Two Ongoing Magnetic Transitions Originating from Spin-Peierls Dimerization and Cation Orientation Transformation in an S = 1/2 Spin Chain System

The phase transition materials, with abrupt change of electrical, magnetic, or optical responses in the phase transition vicinity, may have applications in data storage, signal processing, and switchable devices. Herein, we present the study of structural, magnetic, dielectric, and thermal properties for an S = 1/2 magnetic chain system, [DMPy][Ni(mnt)2] (1; DMPy+ = N-dimethyl pyrrolidinium and mnt2- = maleonitriledithiolate). Two ongoing magnetostructural transitions appear at ∼270 and ∼307 K, giving low- (LTP), intermediate- (ITP), and high-temperature (HTP) phases of 1. LTP crystallizes in P21/c, while both ITP and HTP belong to Pnma space group.

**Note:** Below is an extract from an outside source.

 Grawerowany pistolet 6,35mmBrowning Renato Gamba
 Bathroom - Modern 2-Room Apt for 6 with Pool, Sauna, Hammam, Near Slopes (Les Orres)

The LTP-ITP phase transition is broken symmetry associated with one-dimensional (1D) regular magnetic chain dimerization, the spin gap opened in LTP, and no visible latent heat, showing the typical character of the second-order spin-Peierls transition. The ITP-HTP transformation is an isostructural phase transition, which is coupled with the sharp change of the cation orientation, accompanied by latent heat and dielectric anomaly, with the typical character of the first-order phase transition. This study demonstrates the coexistence of diverse mechanisms of magnetostructural phase transition in an 1D radical salt and opens a way for design and preparation of new switchable magnetic and electric materials.